Ben M’sa, agriculteur
Carnet et crayon à la main, les fonctionnaires partagent le constat de l’agriculteur. « On a une habitude alimentaire ici : c’est le manioc et la banane ! Aujourd’hui, les gens en sont réduits à manger des conserves et du riz qui viennent de l’extérieur », analyse un agent de développement.
Les bananiers revivent
En cette fin du mois de mai, qui marque aussi la fin de la saison des pluies, les services de l’Etat continuent de faire le tour des exploitations pour accompagner les agriculteurs. Près de six mois après le passage du cyclone, l’étendue des travaux reste immense, mais quelques espèces typiques de l’île pourraient revoir le jour plus rapidement. C’est le cas des bananiers, qui sortent à nouveau de terre.

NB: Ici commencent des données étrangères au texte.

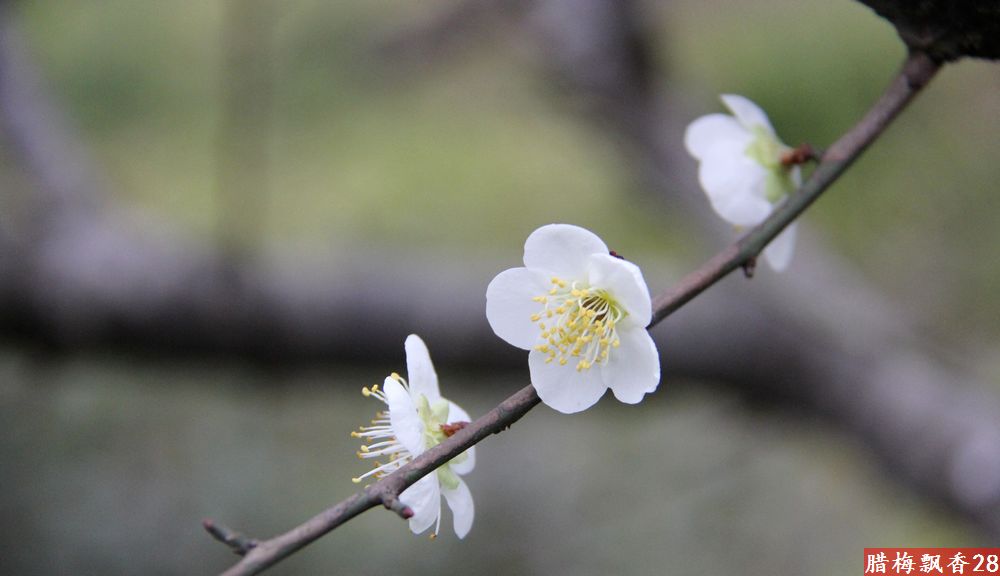 腊梅(白色)飘香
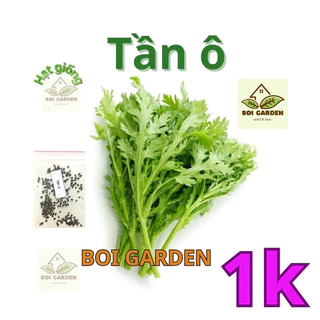 [Deal 1k] 200 hạt giống rau TẦN Ô (6)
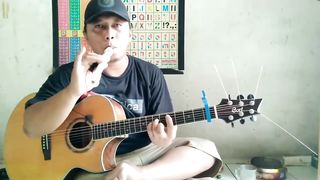 My Heart Will Go On - Celine Dion (fingerstyle cover)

Cette plante a une particularité bien utile pour survivre aux catastrophes naturelles. « Ce n’est pas un arbre, c’est un rhizome ; quand vous le coupez, le bananier peut repartir, car le bourgeon est au ras du sol », explique Joël Huat, chercheur agronome au Centre de coopération internationale en recherche agronomique pour le développement (Cirad) et chef de projet à Mayotte. « On aura de nouveaux des régimes de bananes d’ici à la fin de l’année », se félicite-t-il. Idem pour le manioc, une autre plante annuelle, « dont le potentiel semencier est au niveau du sol », complète le chercheur.
Pour d’autres espèces, la perspective sera bien plus lointaine. « Les arbres ont perdu leurs bras et ça ne se reconstruit pas en un an », explique Joël Huat. D’autant que l’attente pourrait aussi venir du manque de matériel agricole, déjà peu développé sur l’île.
La pêche prend l’eau
Au bord du lagon de Mayotte, c’est l’état de la pêche mahoraise que les bateaux retournés illustrent. « Avec Chido, les navires ont été complètement détruits »,explique Régis Masséaux, président du syndicat maritime des pêcheurs professionnels mahorais. Dans sa poissonnerie bleue et blanche – une institution sur l’île – le thon et l’espadon des côtes mahoraises ont dû être remplacés par des importations de Madagascar et de La Réunion depuis que sa flotte a été détruite.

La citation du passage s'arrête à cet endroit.